We arrived at Port Hastings, gateway to Cape Breton Island and the Cabot Trail, 350 miles later. The temperature had dropped considerably, reminding us how far north we'd traveled. The mlange of aromas-from lobster restaurants, seaweed, salty air and smoking freighters-along the Strait of Canso was exotic and inviting. By midafternoon we had already ridden 400 miles and were ready for a good meal and cold beer. We stopped for the night in Whycocomagh, a small village about 20 miles south of Nyasa and the beginning of the Cabot Trail. We planned the next day's ride with maps spread out all over our hotel room, a bottle of single malt scotch and a few Cuban cigars.

The next morning was brisk and dewy as we set out for the Trail. One is not disappointed with the sights and spectacular vistas here. There are rock outcroppings along the coast whose beauty easily compares with that of Big Sur in California, quaint fishing villages whose colorful boats bob on placid waters, unspoiled forests, pristine lakes and, oh yeah, twisty roads. We rode the Trail in a clockwise direction, hitting the coast, the park at the top of the cape and the windy section in that order. Some of our number, who enjoy beauty more than twisty roads, said they would ride the western coast road in both directions next time. I say you have to do it in its entirety.

Cape Breton Highlands National Park sits at the northern end of the Trail. A park ranger told us that 6000 moose reside in the park, and that sightings are common. They are indeed. Not two miles after leaving him, we came across several cars, a bus and about 20 people standing along the side of the road.

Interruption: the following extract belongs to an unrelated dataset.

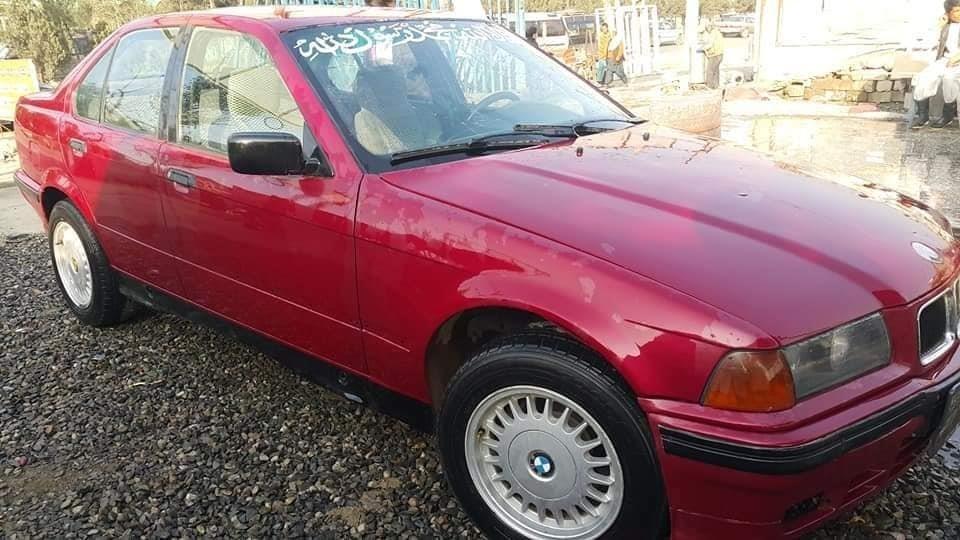 BMW-فروشی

Fearing an accident or some other catastrophe, we found instead a moose munching contentedly on some bushes not 10 feet from the road. I was reminded, in a bizarre and even fatalistic way, about perspective from that episode. Seeing a 1500-pound animal makes the threat of an encounter with a "measly" 150-pound deer seem crazily less intimidating.

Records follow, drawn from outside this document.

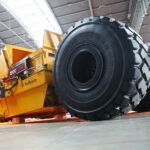 08.04.2026. Kielce. Targi "Autostrada Nowa Infrastruktura" i Targi Ochrony Środowiska i Gospodarki Odpadami Ekotech / Fot. Wiktor Taszłow - Radio Kielce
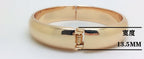 Acooe Gold Cuff Bangle Bracelets For Women - ACOOE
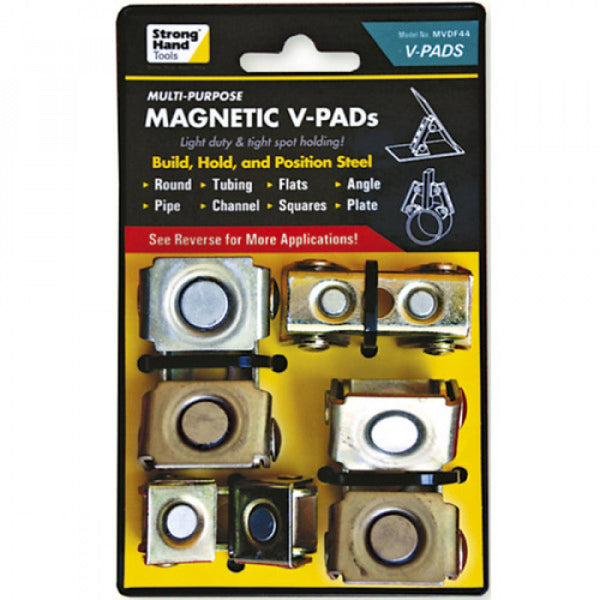 Strong Hand Magnetic V Pad Set
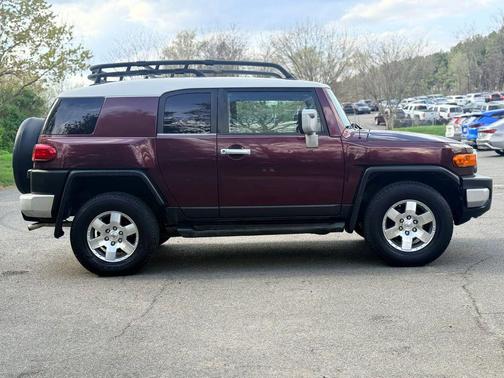 2007 Toyota FJ Cruiser Base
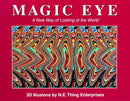 Magic Eye: A New Way of Looking at the World-Hobbies/ quizzes/ games-買書書 BuyBookBook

The Trail offers some unique challenges for a ride. First, one will have to make agonizing choices about where to stop for a sumptuous seafood feast. Second, one needs to be concerned about gas, though not from the delicious food. Gas stations are few and far between on the Cabot Trail, so don't let your bike run low. Third, the temperature is variable, even in mid-August, so staying comfortable can be a challenge. I donned or removed my wind shirt six times in one day. Finally, leave some room in your luggage for a tire repair kit, some spare fuses, cables and anything else you might need to remain roadworthy. Nova Scotia's four largest cities (Halifax, Dartmouth, Sydney and Glace Bay) have a combined population of less than 235,000, and there are fewer than 10 other towns with populations between 5000 and 10,000. So, unlike the United States, you will not find bike shops along the way. But even if your mechanical skills are not advanced, don't let the prospect of a lonely breakdown deter you from enjoying the Trail. You will meet scores of motorcyclists throughout your journey, and will have no trouble finding assistance.

We were disappointed when we completed our trek around the Cabot Trail, but had little time to wallow in our misery. After a full day on the Loop, we made a 200-mile dash to Halifax to spend the night. The next day we set out early to visit Peggy's Cove, a nearby fishing village. Even though we arrived in a fog you could cut with a fork, our visit was worth it. There is a spectacular lighthouse perched on an enormous rock, and the Sou'wester Restaurant offered a killer breakfast (try the fishcakes) and all the bustling activity associated with the fishing industry. My only regret on the trip was that we didn't have more time to spend in this intriguing small town.

We were chasing our ferry, though, and had to rush to make it to Yarmouth on time. This time we were loaded last onto the ship, and were the last off in Maine. Unfortunately, we hadn't made a reservation in Portland, and we rode for four hours without finding a vacancy. The ride back to northern Virginia was scenic, but uneventful, apart from an exciting ferry ride on a rickety paddle-wheel boat across the Susquehanna River. The latter ferry, unlike the Scotia Prince, did not have a hot tub, dining hall or lifeboats. We were mildly concerned about the latter, though the two-mile passage in less than 10 feet of water might seem more daunting to less hearty travelers.

In short, we had a blast. Next year, we're going back to the Maritime Provinces to ride Prince Edward Island, which we hear is magnificent. Maybe we'll see you up there. I'll be the guy in the lobster hat with drawn butter dribbling down his T-shirt.